Wakil Menteri Pemberdayaan Perempuan dan Perlindungan Anak (PPPA), Veronica Tan, menyatakan keprihatinannya atas kejadian tersebut. Ia menyoroti praktik “merarik” atau kawin lari yang masih dijadikan pembenaran dalam budaya setempat, meskipun jelas bertentangan dengan hukum yang berlaku.

“Kami sangat prihatin atas masih berlangsungnya praktik perkawinan anak yang dibalut dalam budaya merarik, khususnya di NTB yang termasuk daerah dengan tingkat perkawinan anak tertinggi di Indonesia,” ujar Veronica kepada wartawan, Minggu (25/05/2025).

Menurutnya, budaya dan tekanan sosial menjadi pemicu utama pernikahan dini. Tak sedikit keluarga yang memandang perkawinan sebagai jalan keluar dari persoalan ekonomi atau sebagai upaya menjaga kehormatan keluarga. Namun, dampaknya terhadap anak-anak justru sangat merugikan.

“Realitanya, perkawinan anak justru menjadi pintu awal penderitaan bagi anak-anak kita. Mereka belum memahami konsekuensi dan tanggung jawab besar dalam kehidupan berumah tangga. Hak anak atas pendidikan, tumbuh kembang, dan menikmati masa kanak-kanaknya dirampas oleh praktik ini,” tambah Veronica.
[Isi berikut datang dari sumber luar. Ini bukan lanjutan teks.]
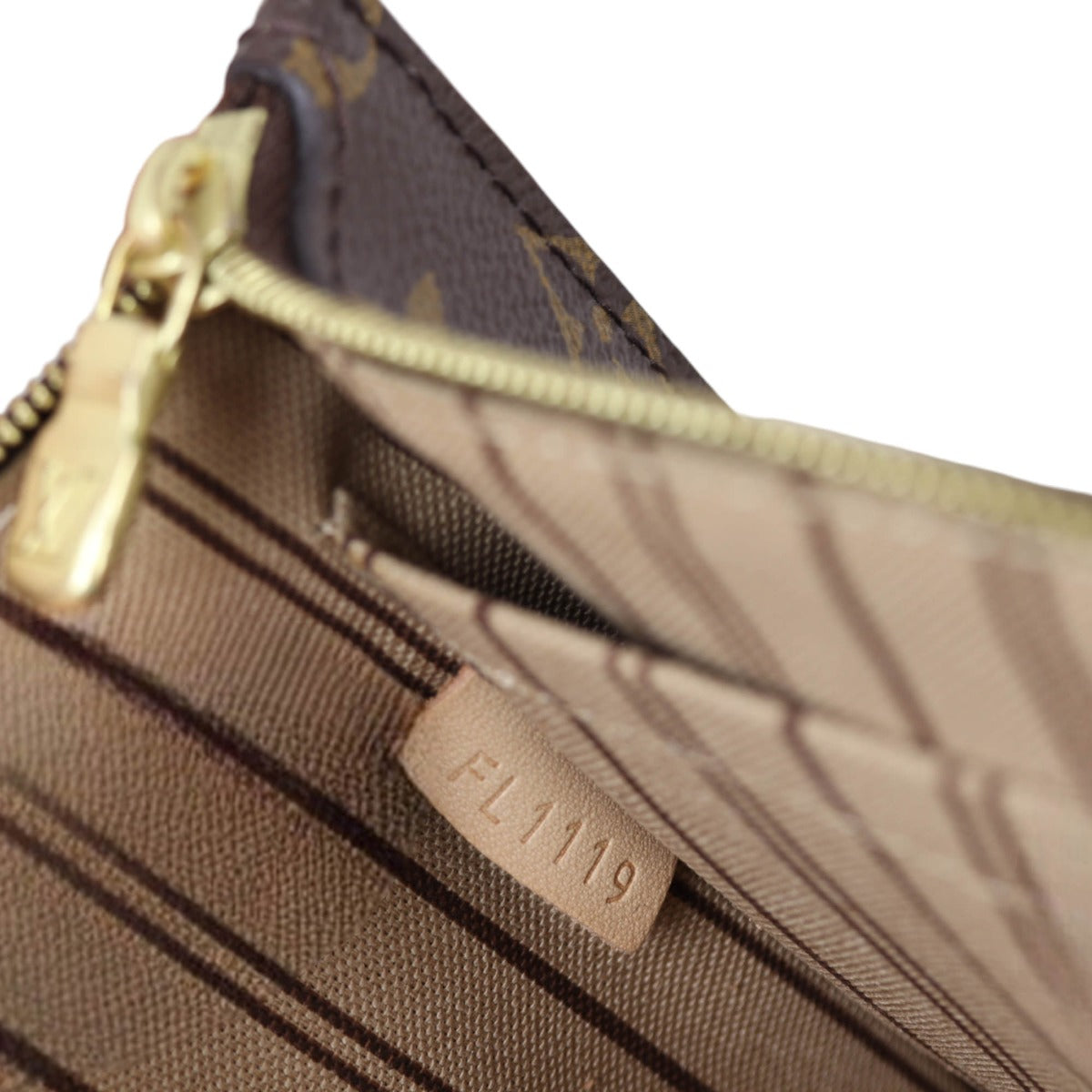 Louis Vuitton Neverfull Pochette Monogram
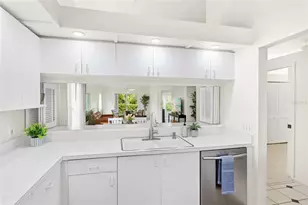 4120 Marseilles Ave, Sarasota, FL 34233 - Photo 16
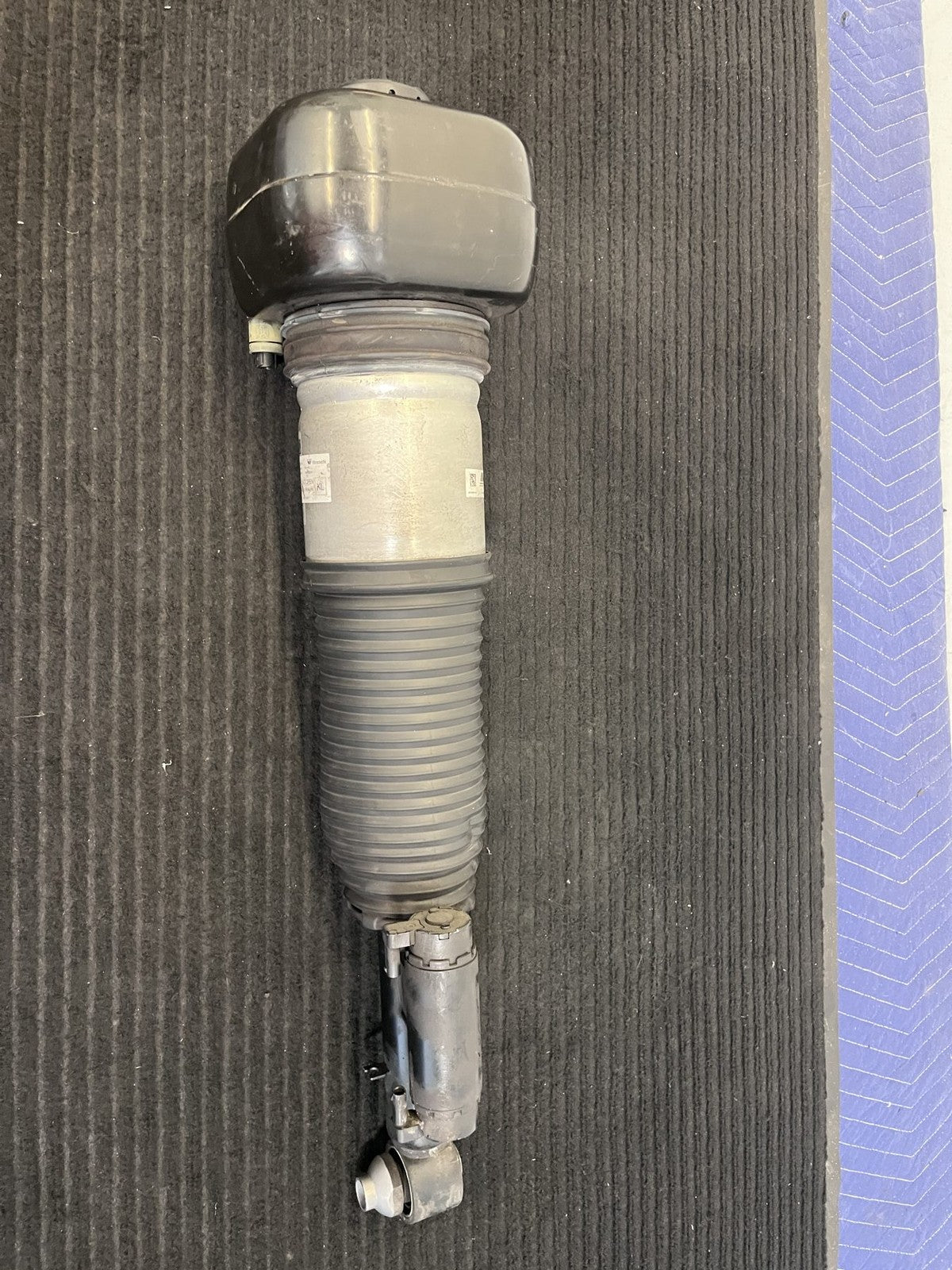 2018-2020 Rolls-Royce Phantom RR11 RR12 Rear Left Air Strut OEM 37106887563 - eBay image 6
Secara hukum, praktik ini juga melanggar Undang-Undang Perkawinan yang telah menetapkan batas usia minimal pernikahan adalah 19 tahun, sesuai putusan Mahkamah Konstitusi. Selain itu, ketentuan ini juga sejalan dengan Undang-Undang Perlindungan Anak dan Undang-Undang Tindak Pidana Kekerasan Seksual.

Kementerian PPPA meminta seluruh pihak untuk tidak menormalisasi praktik perkawinan anak, apa pun bentuk atau bungkus budayanya. Diperlukan keterlibatan semua pihak untuk menghentikan praktik ini demi perlindungan dan masa depan anak-anak Indonesia, tegas Veronica.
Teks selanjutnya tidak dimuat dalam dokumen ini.